The Lebanon-Israel border talks show that Hezbollah is under pressure. They could lead to more concessions.
According to the Lebanese presidency, the first round of negotiations between Lebanon and Israel on maritime border demarcation are "technical" and specific to maritime border demarcation. A statement was released on Tuesday to assure the Lebanese that these negotiations are merely about a technical demarcation of the borders, and would not be translated in any concessions to the international community, or in any type of normalization with Israel.
However, the mere fact that Lebanon has finally accepted to sit at the table with Israeli officials – after years of stalling – means that pressure is seriously mounting on the Hezbollah-led government and these negotiations could be the beginning of a series of concessions. The trick is to continue the pressure, and use the leverage created by Hezbollah’s current weakness.

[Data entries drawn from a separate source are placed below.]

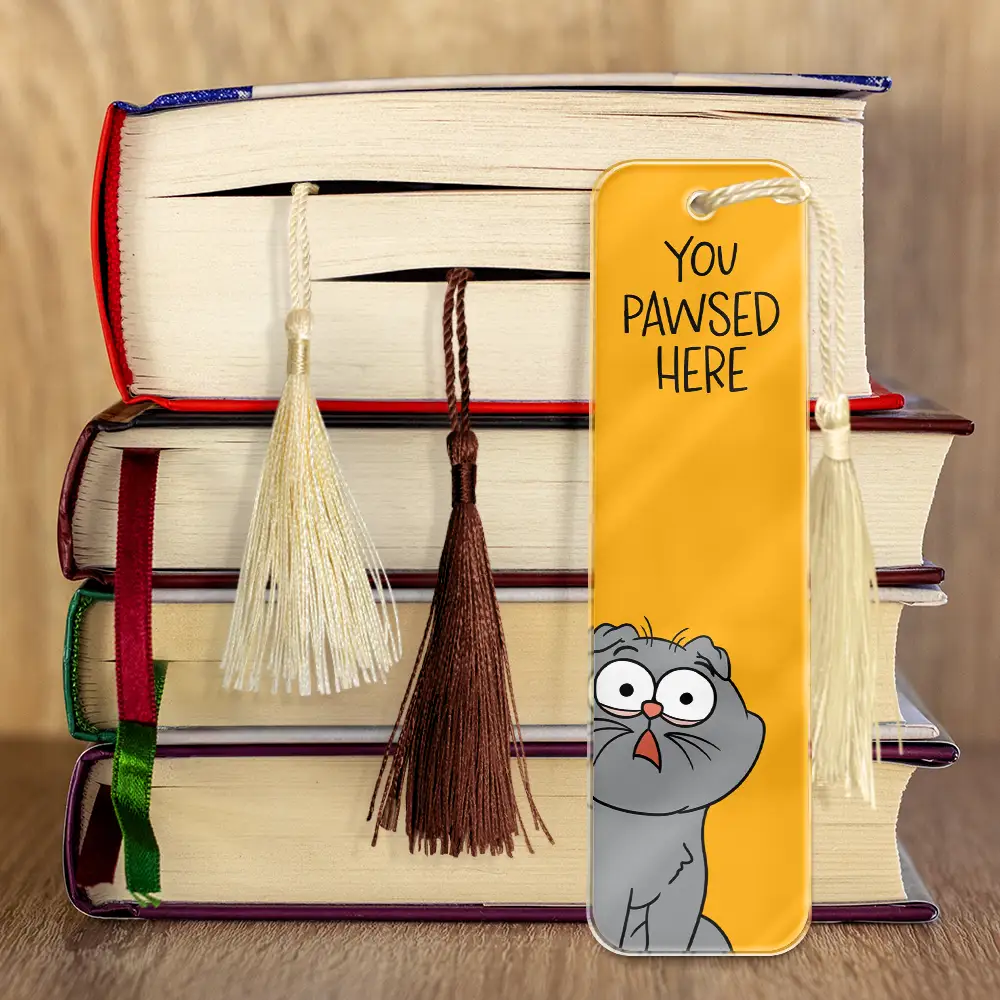 Pet Lovers You Pawsed Here - Personalized Acrylic Bookmark - Image 4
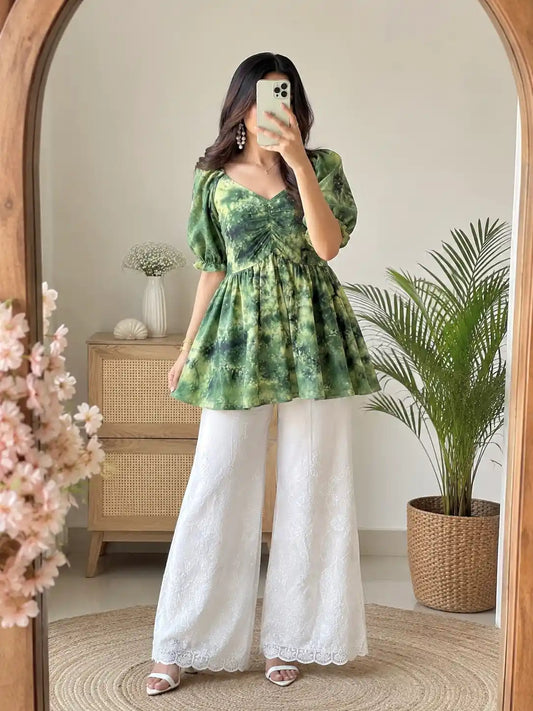 Forest Green Tye Dye Peplum Top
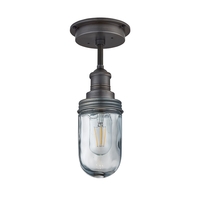 Industville Brooklyn Glass Outdoor Semi-Flush Ceiling Light - Pewter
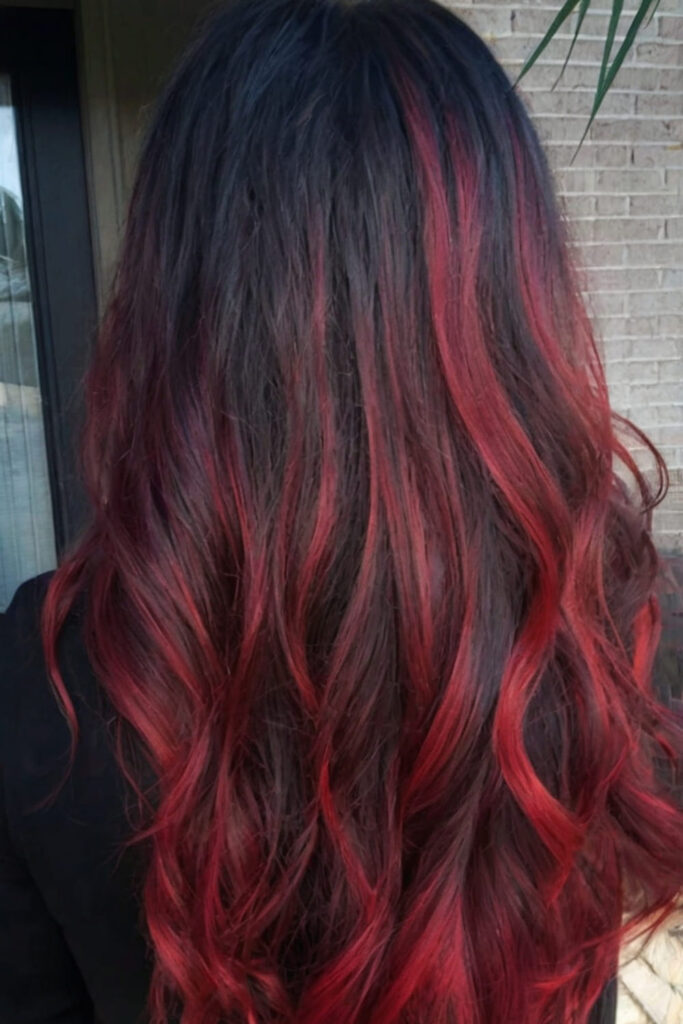 Black and Deep Red Balayage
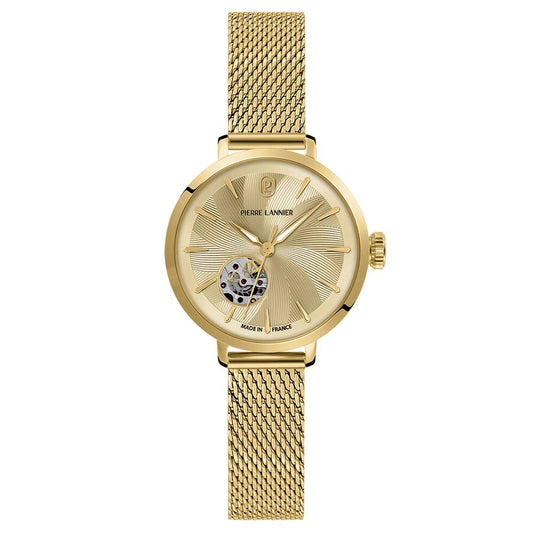PIERRE LANNIER Ladies Automatic Watch SOLINE Sunray Gold Dial Gold Milanese stainless steel 12MM Strap 139L542
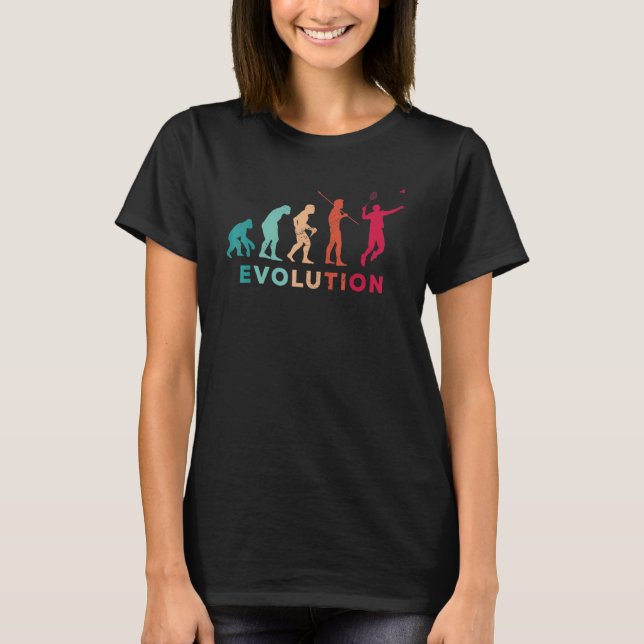 Evolution Grafik Badminton Spelare Fjäderboll Spo T Shirt (Framsida)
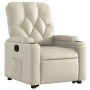 Sillón reclinable elevable cuero artificial color crema de , Sillones - Ref: Foro24-3204773, Precio: 278,60 €, Descuento: %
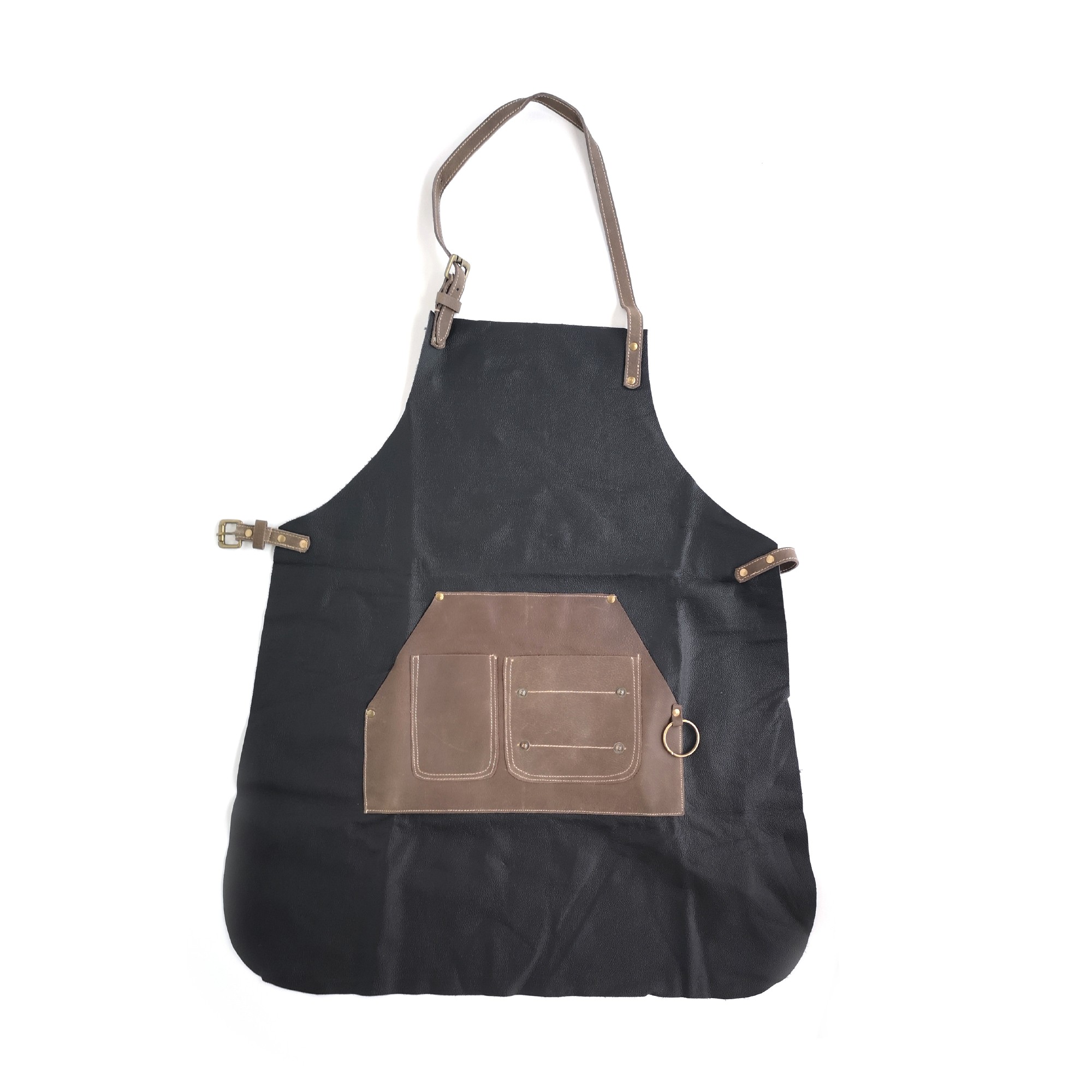 Schürze Volleder, schwarz, braun, T 82 cm, B 71 cm zu 119,00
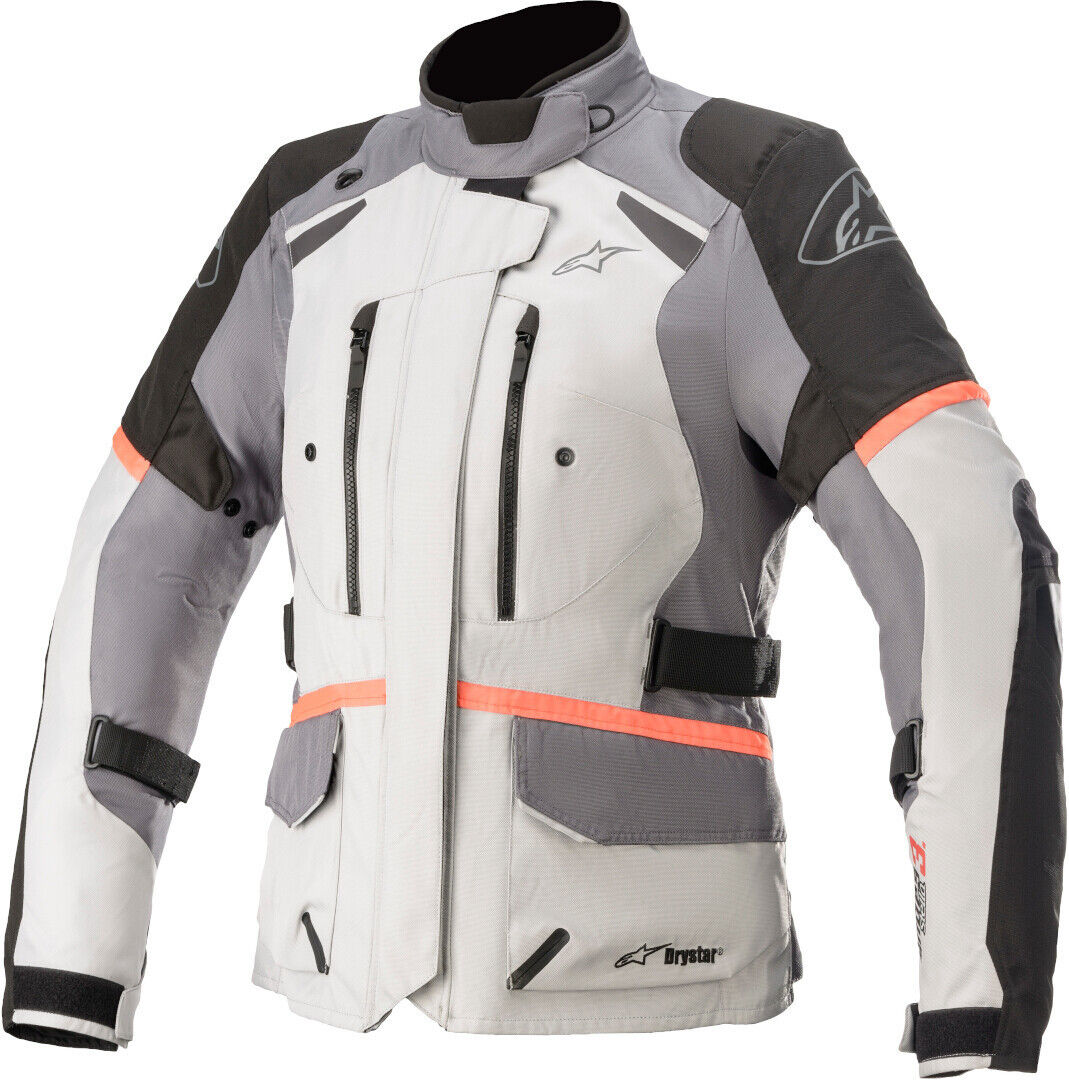 Alpinestars Stella Andes V3 Drystar Chaqueta textil de la motocicleta de las señoras - Negro Gris Blanco (M)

The maritime border negotiations may be technical, but they are eventually political – in the sense that Lebanon has for the first time acknowledged Israel’s existence, as a country with borders. And this wouldn’t have happened without Hezbollah and Iran’s blessings. Acknowledgement might be the first step on the road to more compromises. These talks won’t reach a normalization agreement, such as the Abraham Accord, but might push Hezbollah’s weapons and missiles on the table, that is if pressure parallels border negotiations.
Watch: The agreement to maritime talks between #Lebanon and #Israel in some ways "means nothing," but in other ways it is "critical," explains @AramNerguizian, a senior associate at the @CSIS.— Al Arabiya English (@AlArabiya_Eng) October 12, 2020
Find out why here.https://t.co/bniQfVW01J pic.twitter.com/CXTQ2Educo
Hezbollah cannot afford to go to war with Israel today, due to financial and logistical challenges that are growing by the day. Israel is capitalizing on Hezbollah’s vulnerability to push for more pressure on the organization, recently exposing its missile production factories in Lebanon. Meanwhile, the US Treasury continues to slap Hezbollah and its allies with sanctions, causing mayhem among its political coalition, which has been weakened by the Lebanon protests.
Hezbollah knows that it can only ease the pressure by giving something in return, especially if it wants to avoid an Israeli strike on its missile factories in Lebanon – which could require an unfavorable retaliation that Hezbollah is trying to dodge, at least until the US elections are over. So they agreed to hold discussions with the Israelis, hoping they can continue to buy time until the elections.
Hezbollah is allowing Lebanon and its military institutions to negotiate with Israel, so when the UNIFIL moved some of its troops – for the first time - to the Beirut port, in coordination with the Lebanese Army, Hezbollah said nothing, and Hezbollah’s Secretary General Hassan Nasrallah did not even mention these negotiations in his most recent speech.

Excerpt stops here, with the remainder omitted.